朝昼晩ヘンリーの側近に一室へ連れられて行けば、その一室から度々聞こえる叫びにも似たダミアンの悲鳴を聞く度、ウィリアムは両手で耳を塞ぐ。だが、手と耳の隙間から聞こえてくるから罪悪感に支配される。その叫びを聞いた夜は毎夜洗面所へ駆け込み嘔吐する程、罪悪感から逃れられなくなってしまっていた。
あれ以降、明るく能弁だったダミアンは無口で物静かになり、自室に籠もってばかりで、食事もパンとスープしか食べないからか薬のせいなのか、日に日に痩せ細っているのは見て分かる程。





















だから何とか少しでも彼を元気付けたくて、そんな純粋な一心で度々彼の自室へやって来るのだが、ダミアンは彼をまるで無視な毎日。
「すごいなダミアンは。レイチェル先生にもたくさん褒められただろう?」
「チューターはあの日以降辞めさせられたよ。お父様によって」
「あ…」
忘れていた。そうだったのだ。あの日以降、ダミアンのピアノやバイオリンに絵画に政治学など、教養を任せられていた家庭教師達皆廃業させられたのだった。ヘンリーの手によって。
完璧に独りぼっちになった彼を前に、今自分は兄としてどう接するのが彼にとって一番良いものなのか分からない。
「そ、そうだダミアン!今度俺が政治学を教えてあげようか。ダミアンは頭が良いからすぐに覚えられ、」
「飄々と接しないでよ!お兄様だって共犯者のくせに!」
ダミアンの裏返った怒鳴り声に、また唖然。


ガシャン!

バイオリンを床に放り投げると、力が無いなりにウィリアムをぐいぐい押して出ていかせる。
流されるがままに部屋を追い出されたウィリアムはハッ!と我に返ると、ダミアンを呼ぶ。悲痛な声で。
「ダミアン待ってくれ!」
「笑ってるんでしょ、ざまあ見ろって本当は笑ってるくせに!」
「違う!俺は…!」


バタン!!

力強く閉められた扉を前に呆然と立ち尽くす。静かな廊下でウィリアムは、自分の右拳を痛い程力強く握り締めた。

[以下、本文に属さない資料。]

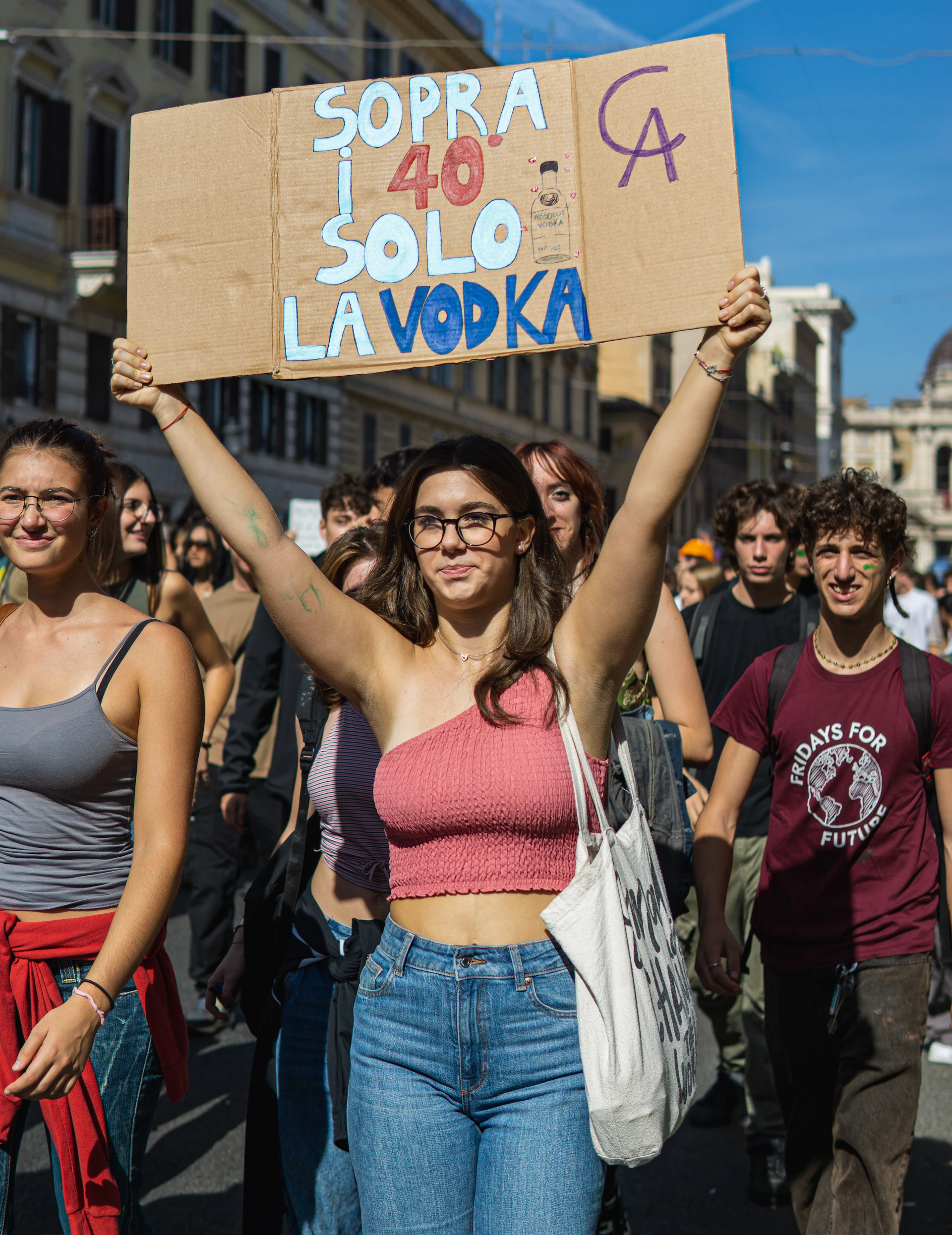 Close-up of passionate volunteers from Livorno Civica engaging with residents during a local event.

自室にてダミアンは、放り投げたバイオリンを拾おうと右手を伸ばすが、その右手の痙攣が止まらない。
「…!」
怖くなってすぐ様左手で右手を押さえるが、ビクビクと見て分かる程大きく痙攣し出す右手。恐怖に目を見開く。


ピタッ…、

ようやくおさまった痙攣。
洗面所の鏡を前に笑ってみようとするが、笑えない。怒ってみようとするが、怒れない。一思いに泣いてみようとするが、泣けない。


ガンッ!

力強く鏡を叩いた右手の痙攣が、また始まる。
「にゃあ」
足元から聞こえたメリーの鳴き声は慰めのようにも聞こえる。彼女をすぐ抱き上げれば、力強く抱き締める。
「メリー、メリーどうしょう。僕、笑いたいのに笑えないんだ。怒りたいのに怒れないんだ。泣きたいのに泣けないんだ。表情が言う事をきいてくれないんだよ、何でかな…」
薄々気付いてはいた。心は笑っているのに、心は怒っているのに、心は泣いているのに、顔がそれを表情として表してくれない事に。ずっと遠ざけていた鏡の前に立って今、確信した。自分にはもう表情が無いのだと。



ドンドン!

早く開けろ、と扉をノックする音が急かす。行きたくないのに行かなきゃ殺されるから、意に反してダミアンの脚は部屋から出て行った。部屋の外には、大柄なヘンリーの側近が立っていた。投薬の時間だ。
「国王様がお待ちだ」


ぐいっ、

骨と皮だけの腕を力強く引き摺られたのに、もうこれくらいの痛みは"痛い"に入らないダミアンはただただ無表情のまま、側近に連れられて行った。

































2ヶ月後――――

「最近ダミアン様もお見かけしないのですが」
「はは、エドモンド将軍貴方は本当にジュリアンヌ様達を信頼されているようですね。実はダミアン様は持病をお持ちだったようで、最近はお部屋に籠もらざるをえない状態のご様子ですよ」
「そんな…」
ヘンリーの側近は心中で腹を抱えて笑いながら、しょんぼり俯くエドモンドに嘘を吐いた。































晩――――――

「ダミアンどうしたんだその跡!父さんか?父さんがまた薬を使ったのか!?」
その晩。本日最後の投薬後、自室へ帰ろうとフラフラ覚束ない足取りのダミアンを見つけたウィリアムは駆け出す。
今にも倒れそうなダミアンを支えるように両肩を掴み、背丈に合わせて屈んで顔を見上げる。見上げてドクン…!と心臓が鳴った。廊下の窓越しに射し込む月明かりに照らされたダミアンの顔には、表情が無かったのだ。
まるで人形のような彼を前に、恐怖でゴクリ…、と唾を飲み込むが、ウィリアムはもう逃げない。
首や腕に残る痛々しい赤紫色の跡は注射器で投薬された痕なのだろう。罪悪感がまた…そして、あの日の場面がウィリアムの脳裏で今も鮮明に蘇るから、唇を噛み締める。
「ダミアン。今すぐ手当てしてやるからな。俺がお前を助け、」
「これ以上僕に関わるな!偽善者は黙れ!」
「ダミアン…」


バシッ!

手を振りほどかれれば、月が美しい静かな夜の廊下に響いたダミアンの声は裏返っていた。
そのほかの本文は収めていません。